Custom SQL Validator Recipes
The following Custom SQL validator examples are based on BigQuery SQL. You can use these recipes as a starting point when writing Custom SQL validators for other data sources, such as Redshift or Athena.
For information about configuring Custom SQL validators, see Custom SQL.
Duplicate Count
This example validator counts the number of occurrences for a specific column with a window and sums the total count. The resulting value represents the number of duplicates for that particular value.
SELECT
`validio_window_id`,
SUM(duplicates) as `validio_metric`
FROM (
SELECT
{{ validio_window_id(`time`) }} AS `validio_window_id`,
COUNT(*) - 1 AS duplicates
FROM
`project`.`dataset`.`table`
WHERE
{{ validio_window_filter(`time`) }}
GROUP BY
`validio_window_id`, `column_to_check_for_duplicates`
)
GROUP BY
`validio_window_id`
For the following example data, the result would be 3, where the duplicate values are b, b, and NULL.
column_to_check_for_duplicates |
---|
a |
b |
b |
b |
NULL |
NULL |
Referential Integrity
This example validator computes how many non-NULL values exist in a foreign key table which is not present in the primary key table.
SELECT
{{ validio_window_id(`foreign_key_table`.`time`) }} AS `validio_window_id`,
COUNTIF(`primary_key_table`.`foreign_key` IS NULL) AS `validio_metric`
FROM
`project`.`dataset`.`foreign_key_table`
LEFT JOIN
`project`.`dataset`.`primary_key_table`
ON
`foreign_key_table`.`foreign_key` = `primary_key_table`.`foreign_key`
WHERE
{{ validio_window_filter(`foreign_key_table`.`time`) }} AND
`foreign_key_table`.`foreign_key` IS NOT NULL
GROUP BY
`validio_window_id`
For the following example tables, the result would be 2, where the missing keys are 1003 and 1004.

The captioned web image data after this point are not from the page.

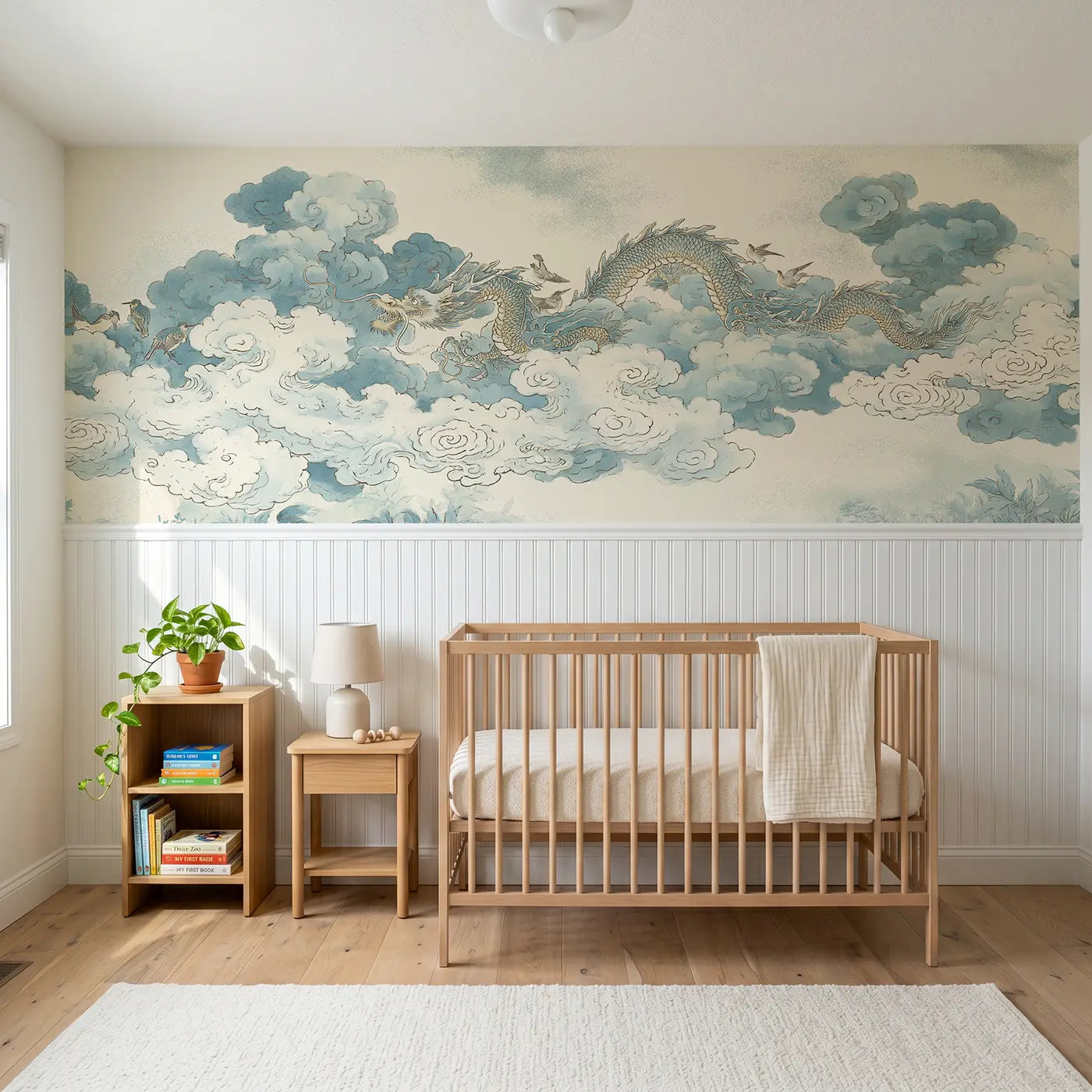 Botanical Elegance cloud dragon celestial wainscoting wallpaper for nursery by Whimsy Tots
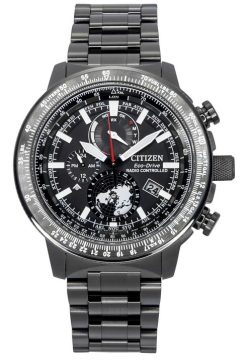 Montre pilote pour homme Citizen Promaster Geo Trekker en acier inoxydable avec cadran noir Eco-Drive BY3005-56G 200M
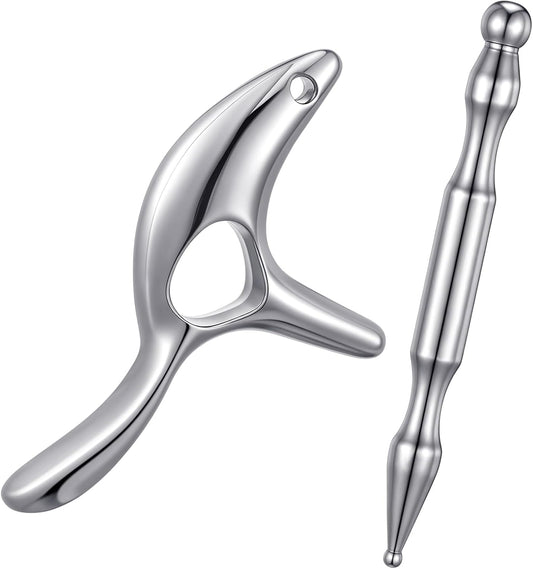 2PCS Gua Sha Massage Tools,Stainless Steel Trigger Point Massage Tool and Manual Acupuncture Pen Eye Massager,Deep Tissue Acupressure Massager for Face,Hand,Neck,Back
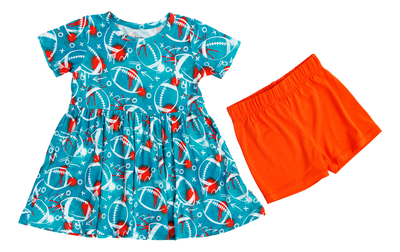 graffiti football peplum set : AQUA AND ORANGE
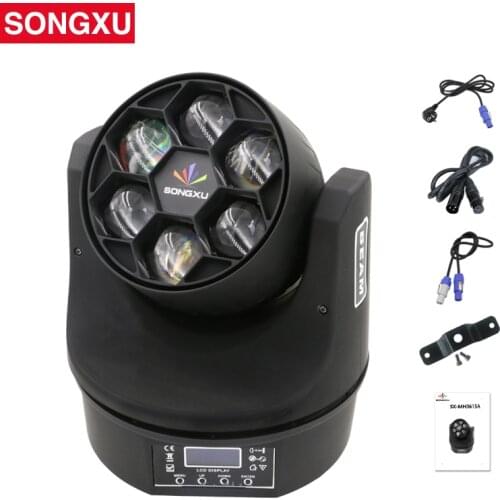 SONGXU 6x15w RGBW 4IN1 LED Mini Bee Eye Beam Light Moving Head Light Professional Disco Party DJ Show Lighting/SX-MH0615A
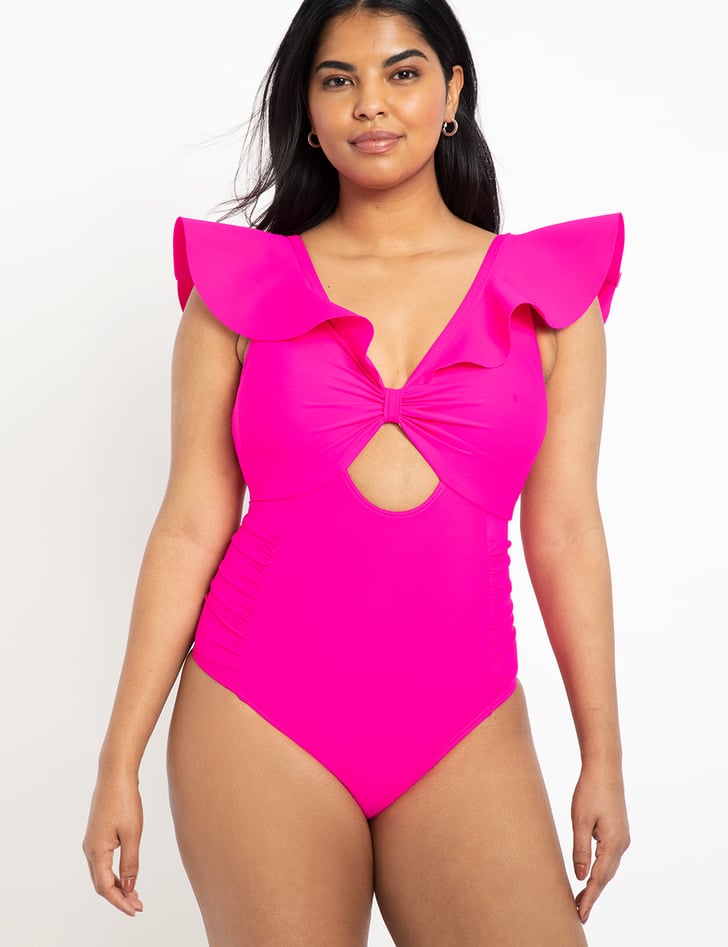 Pink ruffle 2024 one piece swimsuit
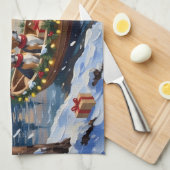 Beagle Christmas Boat Holiday Geschirrtuch (Viertel Falte)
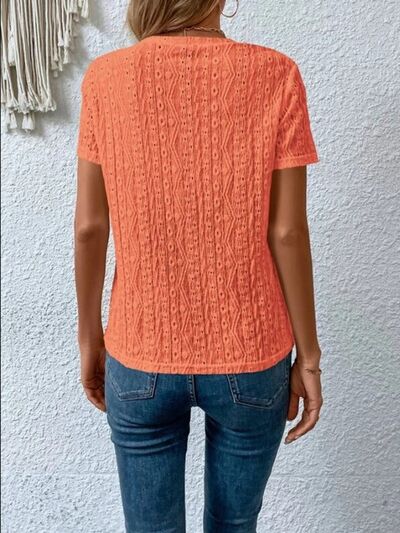Load image into Gallery viewer, Eyelet Round Neck Short Sleeve T-Shirt
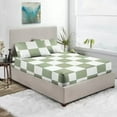 thumbnail image 1 of 3 Piece Chex Fitted Sheet, 15" Deep Pocket, 300 Thread Count, Dual Color Fitted Sheet, Extra Long Staple 100% Egyptian Cotton, All Around Elastic - White & Sage Solid, King Size., 1 of 4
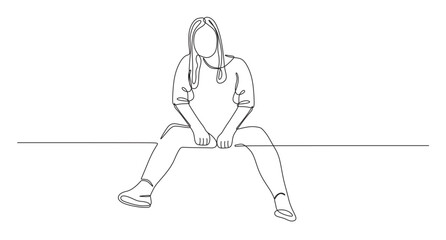 continuous one line art of a woman sitting alone relaxing. vector illustration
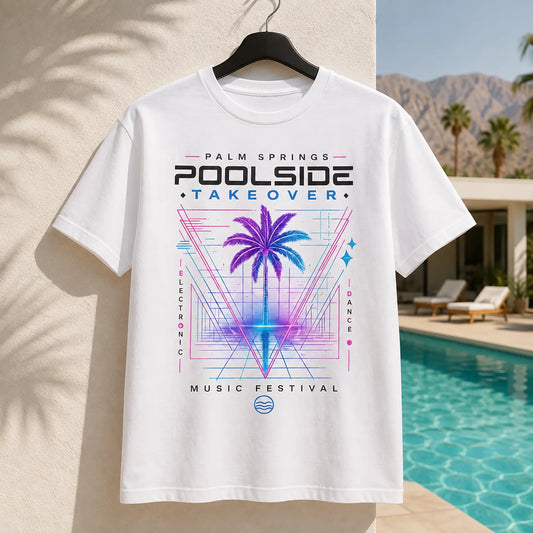 White Stay Wet Poolside Takeover Palm Tree V front graphic tee, Palm Springs Special Edition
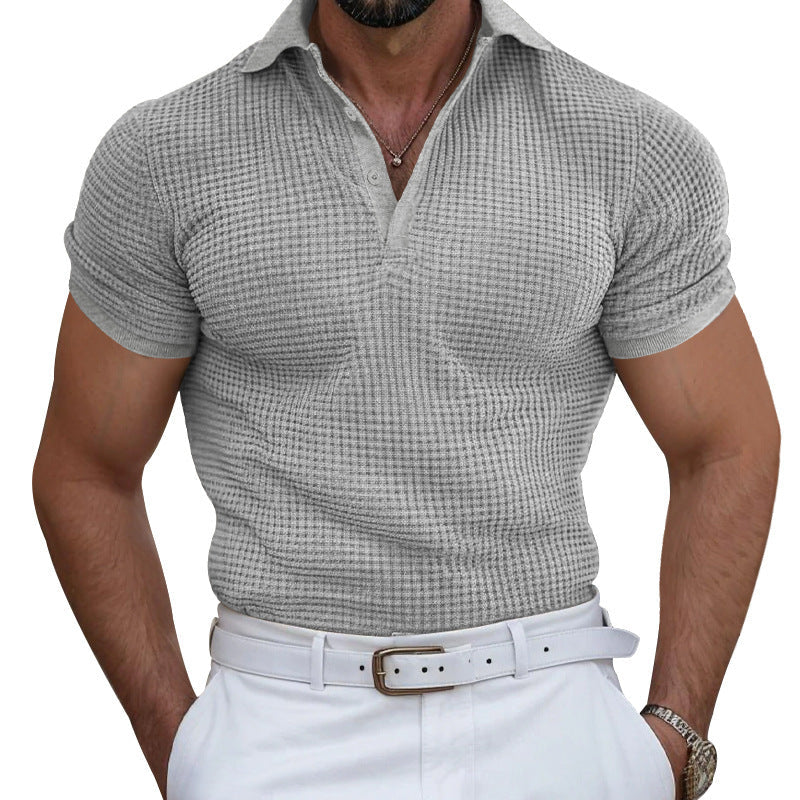 Herren nan strukturiertes Piqué-Poloshirt aus Baumwollmischung mit verstärktem Polokragen R&B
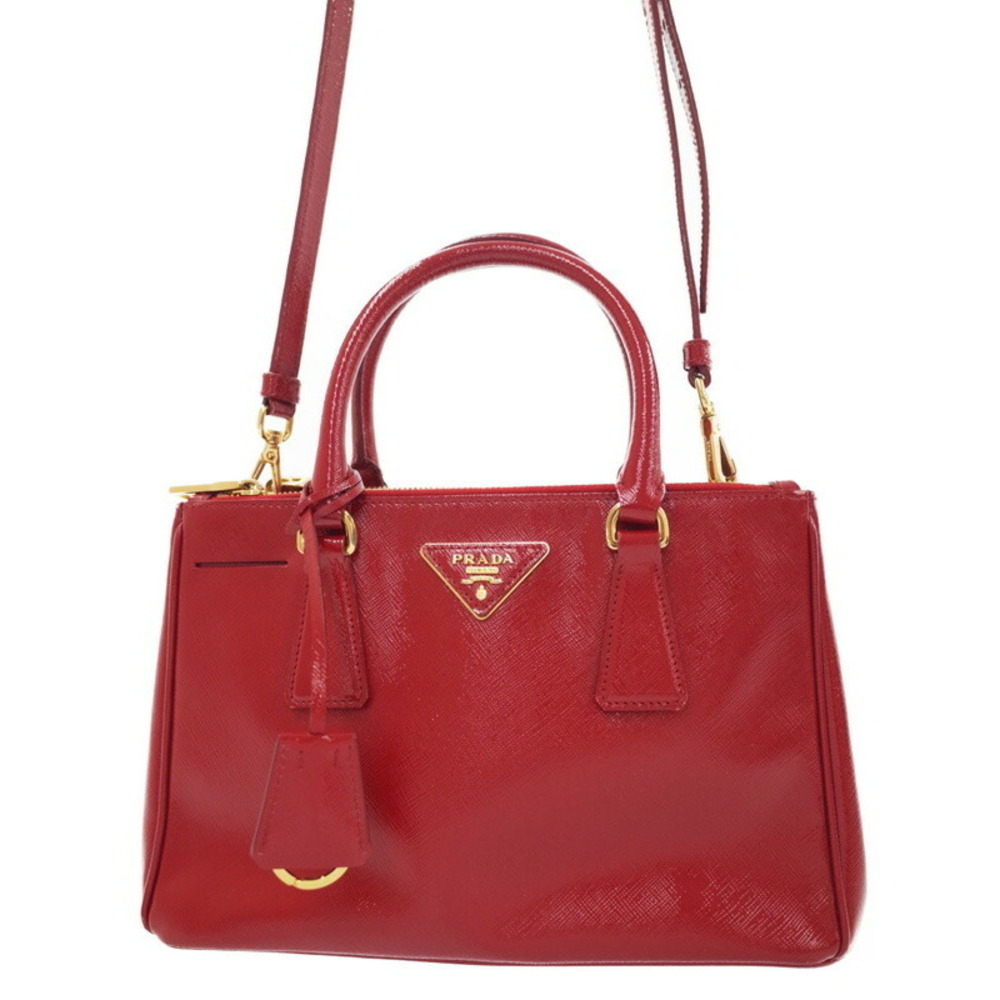 Prada Saffiano Lux Galleria Double Zip tote bag red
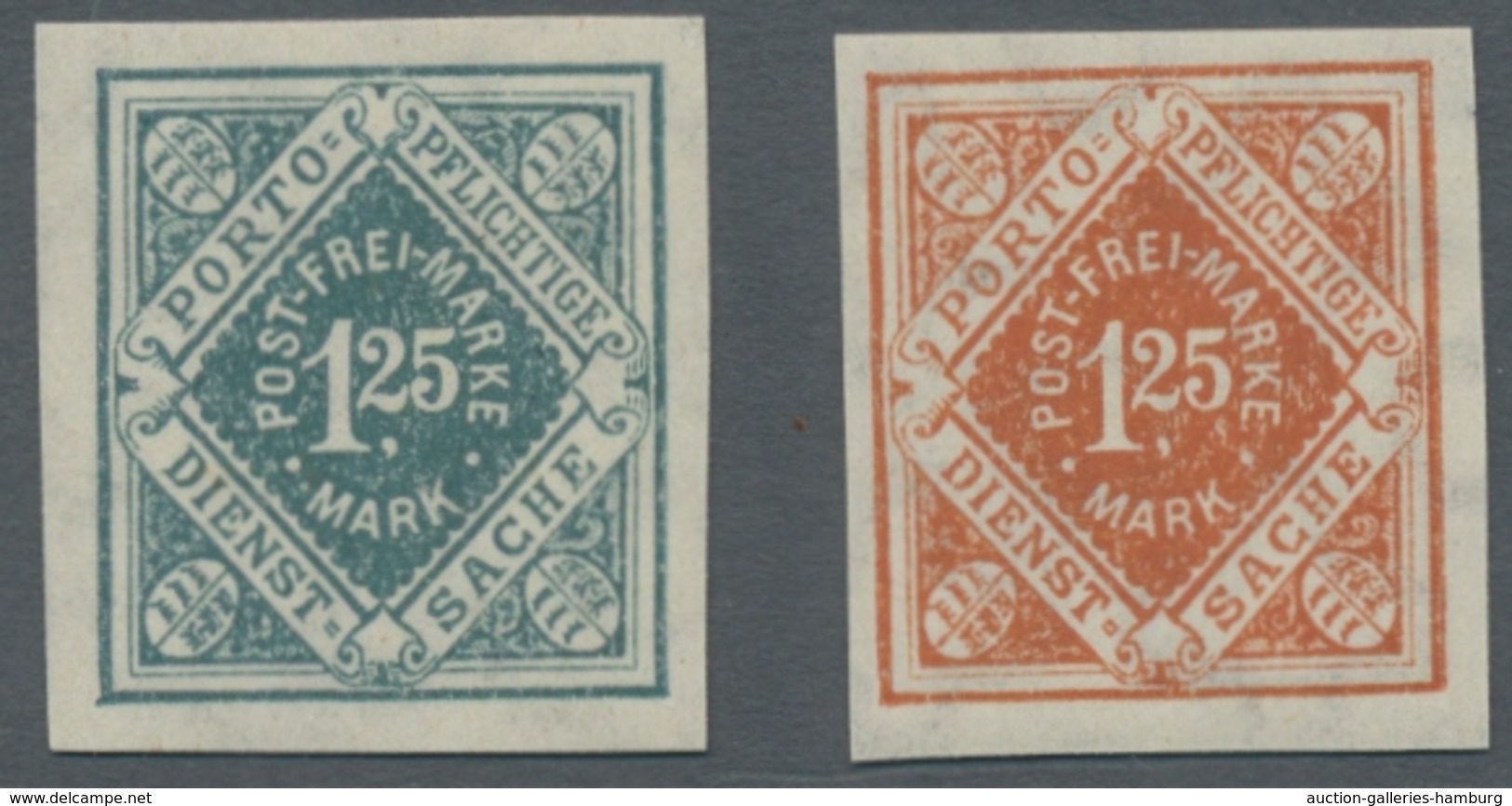 Württemberg - Marken Und Briefe: 1921, 1,25 Mark, 2 Werte Postfrisch, Ungezähnt In Den Farben Grautü - Otros & Sin Clasificación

foreign_key_table.foreign_key |
---|
1001 |
1002 |
1003 |
1004 |
NULL |
primary_key_table.primary_key |
---|
1001 |
1002 |
Global Row Count
This example validator uses a global window to count the total number of records in the table. No template functions are needed since the full table will be scanned during each poll. The only requirement is that the query must return the validio_metric
column.
SELECT
COUNT(*) AS `validio_metric`
FROM
`project`.`dataset`.`table`
Segmented Tumbling Row Count
This example validator is configured with a tumbling window on the field created_at
and a segmentation on the field country
. The SQL query uses the window template functions to calculate the number of records per country and window. The query must return the validio_metric
, validio_window
, and country
columns.
SELECT
{{ validio_window_id(`created_at`) }} AS `validio_window_id`,
`country`
COUNT(*) AS `validio_metric`
FROM
`project`.`dataset`.`table`
WHERE
{{ validio_window_filter(`created_at`) }}
GROUP BY
`validio_window_id`,
`country`
Segmented Tumbling Mean Ratio
This example validator is configured with a tumbling window on the field created_at
and a segmentation on the field city
. The SQL query uses the window template functions to calculate the mean ratio by comparing the mean of amount
in the current window against the two previous windows. The query must return the validio_metric
, validio_window
, and city
columns.
SELECT
`target`.`validio_window_id`,
`target`.`city`,
`target`.`target_mean` / NULLIF(
(
-- Calculate the mean for the previous two windows
SUM(`reference`.`reference_amount`) /
NULLIF(COUNT(CAST(`reference`.`reference_amount` AS FLOAT64)), 0)
),
0
) AS `validio_metric`
FROM (
-- Calculate the mean for each window + segment
SELECT
{{ validio_window_id(`created_at`)}} AS `validio_window_id`,
`city`,
AVG(amount) AS `target_mean`
FROM
`project`.`dataset`.`table`
WHERE
{{ validio_window_filter(`created_at`) }}
GROUP BY
`validio_window_id`,
`city`
) `target`
JOIN (
SELECT
{{ validio_window_id(`created_at`)}} AS `validio_window_id`,
`city`,
`amount` AS `reference_amount`
FROM
`project`.`dataset`.`table`
WHERE
-- Use the reference version of the filter function
-- to include records from the two previous windows.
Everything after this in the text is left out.